Data excerpts:
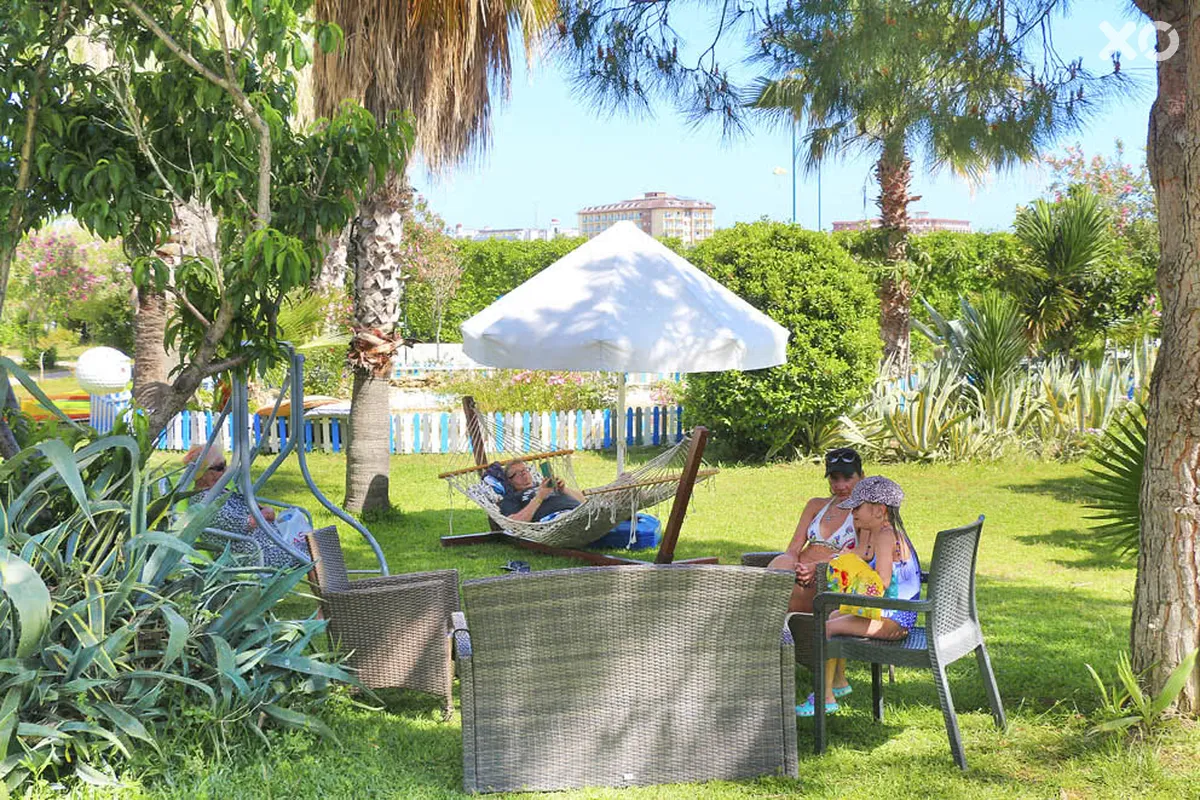 Club Aqua Plaza
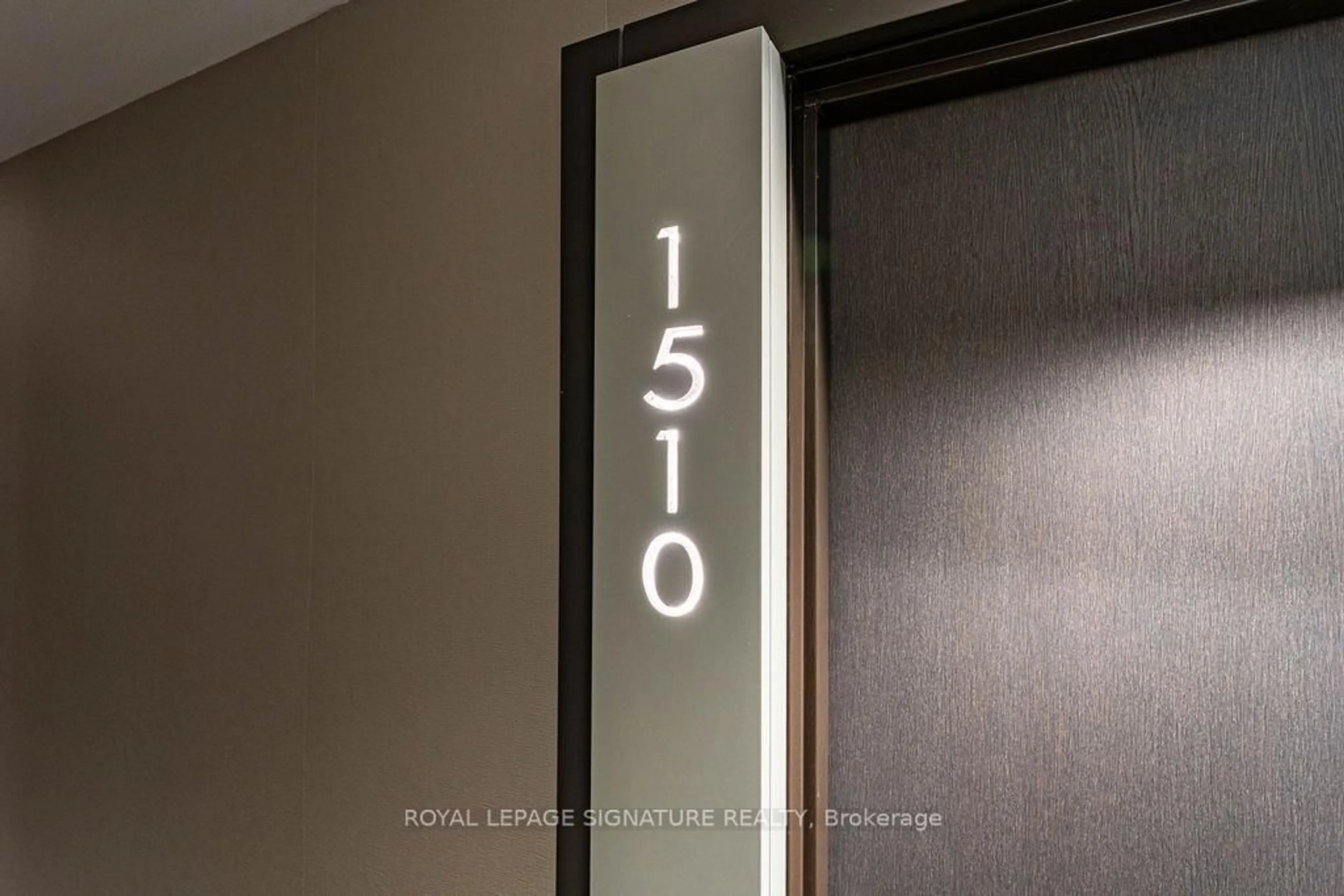 Indoor foyer for 16 Bonnycastle St #1510, Toronto Ontario M5A 4M6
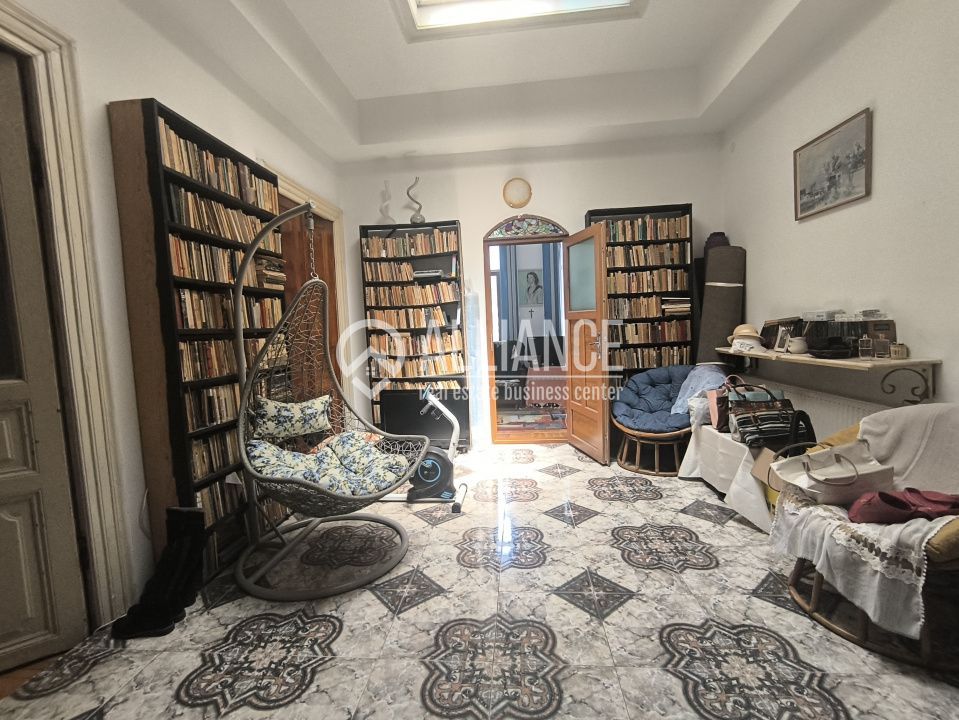 CENTRU VECHI (COD03) - Apartament boem cu terasa si balcon ! - Poză 11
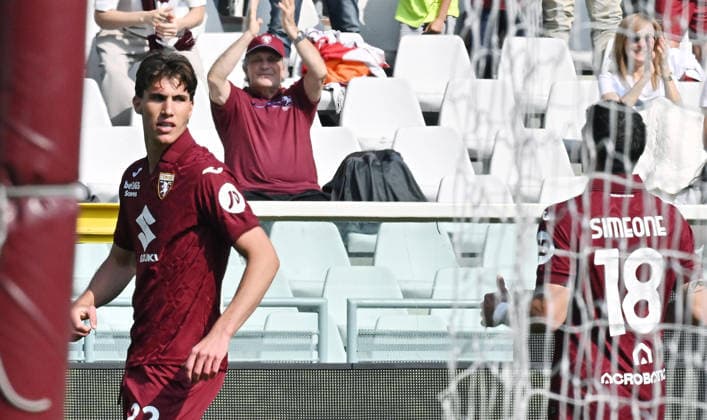 April 11, 2026, Turin, Italy: Torino s Cesare Casadei jubilates after scoring the gol (2-1) during the italian Serie A soccer match Torino FC vs Hellas Verona s FC at the Allianz Stadium in Turin, Italy, 11 April 2026 ANSA ALESSANDRO DI MARCO. Serie A: Torino-FC Vs Hellas Verona FC  - ZUMAa110 20260411_zaf_a110_024 Copyright: xAlessandroxDixMarcox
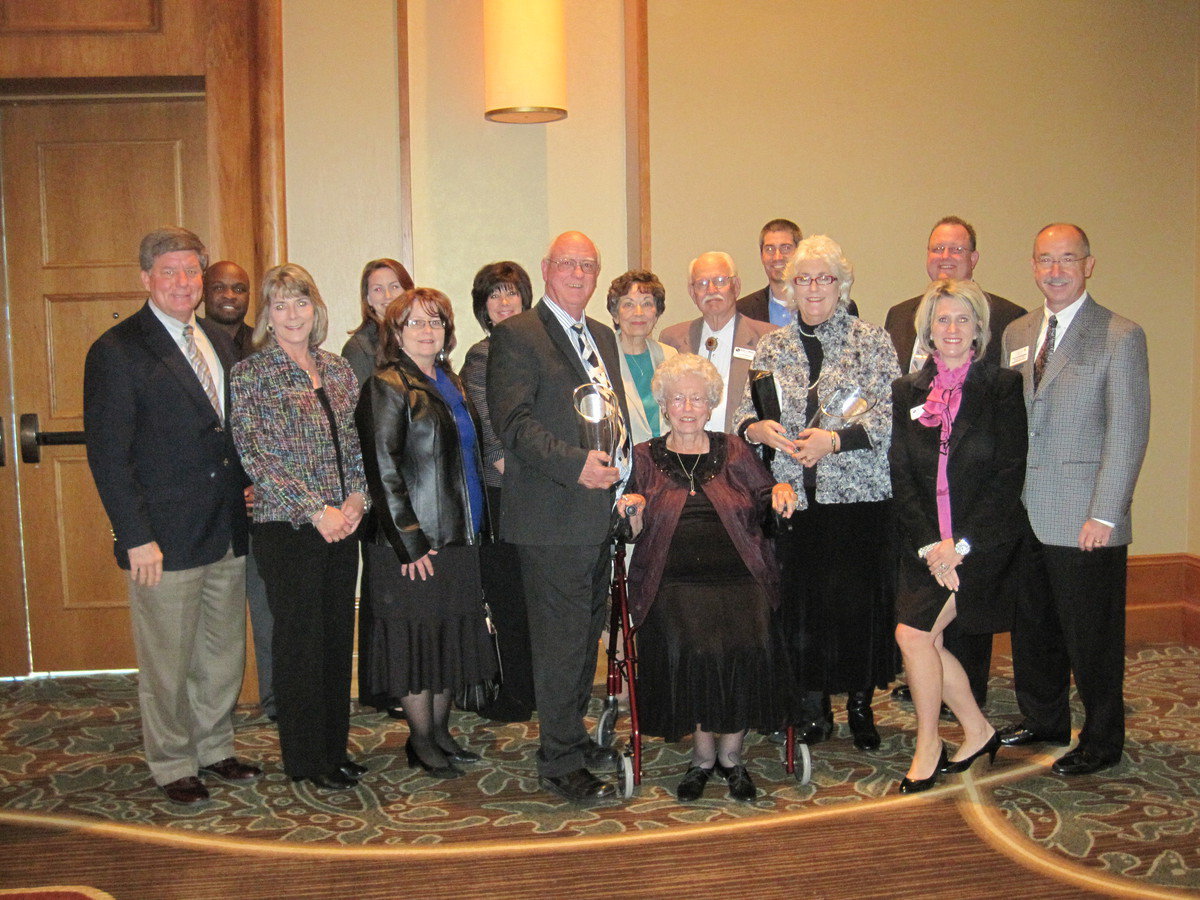 Image: Meals-on-Wheels celebrates National Philanthropy Day. — L to R:  Neal Logan, Tim Cooper, KayLynn Logan, Whitney Patterson, Shirley Williams, Cynthia Allen, Larry Burton, Helen Morton, Mary Burton, Charlie Morton, Ky Kelm, Kay Kelm, Matt Burton, Amy Jackson and Vinsen Faris.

Problem: Nothing but the lines from the line with "April 11, 2026, Turin, Italy: Torino" through the last line of the listing above should be repeated, and pictures should be left out.

Task solution:
 April 11, 2026, Turin, Italy: Torino s Cesare Casadei jubilates after scoring the gol (2-1) during the italian Serie A soccer match Torino FC vs Hellas Verona s FC at the Allianz Stadium in Turin, Italy, 11 April 2026 ANSA ALESSANDRO DI MARCO. Serie A: Torino-FC Vs Hellas Verona FC  - ZUMAa110 20260411_zaf_a110_024 Copyright: xAlessandroxDixMarcox
 Image: Meals-on-Wheels celebrates National Philanthropy Day. — L to R:  Neal Logan, Tim Cooper, KayLynn Logan, Whitney Patterson, Shirley Williams, Cynthia Allen, Larry Burton, Helen Morton, Mary Burton, Charlie Morton, Ky Kelm, Kay Kelm, Matt Burton, Amy Jackson and Vinsen Faris.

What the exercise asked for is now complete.